Just how widely these and other books and pamphlets circulated and who read them remain to be studied, but their mere issuance suggests a sensitivity and critical mind that deserve the attention of readers preparing to pore over the pages of Liberty. That magazine's editor was not an insular and parochical nineteenth-century American radical.
Tucker's mixture of Warren and Proudhon and his profession of a version of philosophical anarchisin that insisted that "all the affairs of men should be managed by individuals or voluntary associations" fills the pages of Liberty and infuses its content time and again. How Tucker developed these insights together with their strengths and weaknesses will be discovered by individual readers and need not be summarized for them, but certain points should be made. Much of the economic "theory" that filled the magazine is antiquated and often tedious and repetitive. Nevertheless, much else is less dated and still retains a freshness. Tucker's bitter quarrels with the "State Socialists" reveal a keen sensitivity to the dangers of centralized power and bureaucracy. His regular defense of voluntary associations as a key organizing principle in his stateless society retains contemporary relevance. So, too, do his attacks on "military discipline" and the use of "force"' as a means of repression or as a way of social improvement, as well as his arguments for "passive resistance" as a form of organized protest and as an instrument for collective betterment.

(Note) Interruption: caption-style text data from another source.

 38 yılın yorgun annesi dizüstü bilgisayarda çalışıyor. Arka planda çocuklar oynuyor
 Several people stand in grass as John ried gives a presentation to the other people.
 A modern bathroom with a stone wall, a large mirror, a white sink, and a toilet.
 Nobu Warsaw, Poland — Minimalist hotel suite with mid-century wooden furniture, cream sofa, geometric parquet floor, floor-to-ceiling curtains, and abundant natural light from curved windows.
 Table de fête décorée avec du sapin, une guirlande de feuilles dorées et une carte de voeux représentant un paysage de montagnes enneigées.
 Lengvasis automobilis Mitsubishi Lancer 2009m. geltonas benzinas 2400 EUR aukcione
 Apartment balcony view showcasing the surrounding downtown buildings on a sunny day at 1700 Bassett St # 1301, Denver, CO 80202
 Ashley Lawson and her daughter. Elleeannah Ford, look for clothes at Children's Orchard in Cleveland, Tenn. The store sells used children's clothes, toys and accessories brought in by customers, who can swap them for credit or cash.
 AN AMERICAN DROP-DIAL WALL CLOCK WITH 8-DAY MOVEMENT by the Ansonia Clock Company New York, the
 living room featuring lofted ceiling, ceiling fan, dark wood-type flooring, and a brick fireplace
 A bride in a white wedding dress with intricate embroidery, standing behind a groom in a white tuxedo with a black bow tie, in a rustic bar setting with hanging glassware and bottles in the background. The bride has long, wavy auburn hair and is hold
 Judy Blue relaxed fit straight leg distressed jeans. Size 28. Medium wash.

The pages of Liberty have important historical value beyond what they tell about American anarchist thoughts and Tucker and his philosophy. Incisive comments on matters of public interest such as the Irish Land League, the Haymarket Affair, and the Homestead Lockout, to cite a few examples, fill its pages. So do the recurrent polemics between anarchists, between Tucker and his Socialist critics, and between Tucker and the significant conservative theorists of his time. Hardly a friend, George Bernard Shaw found reason to compliment Tucker for his toughness as a combatant. "An examination of any number of this Journal will show," Shaw observed, "that as a candid, clearheaded and courageous demonstration of Individualist Anarchism by purely intellectual methods, Mr. Tucker may safely be accepted as one of the most capable spokesmen of his party."
There is yet a more important reason to study the pages of Liberty. No one can argue that it had a large following or affected significant popular movements. It always had just a small and probably quite select following. But its significance cannot be assessed in mere quantitative terms. Except for dramatic events like the Haymarket Affair and national figures like Emma Goldman, little is yet actually known about native American anarchism in Gilded-Age and Progressive America. In his introduction to Nonviolence in America: A Documentary History, Staughton Lynd quickly passes over the decades that separated the nonviolent abolitionists from the pacifists of the World War 1. "Nonviolence," Lynd writes, "was quiescent for a generation after 1861, just as it had been after 1776.... Anarchism formed an important connecting link between nineteenth and twentieth-century nonviolence in America." Just how these links worked themselves out remains the subject of detailed study of isolated men and women, odd journals, and scattered local "movements" between 1860 and 1910. Liberty is a good place to start such studies, and I suspect that the careful tracking down of such men, women, journals, and movements will produce findings that might surprise even historians of American radicalism.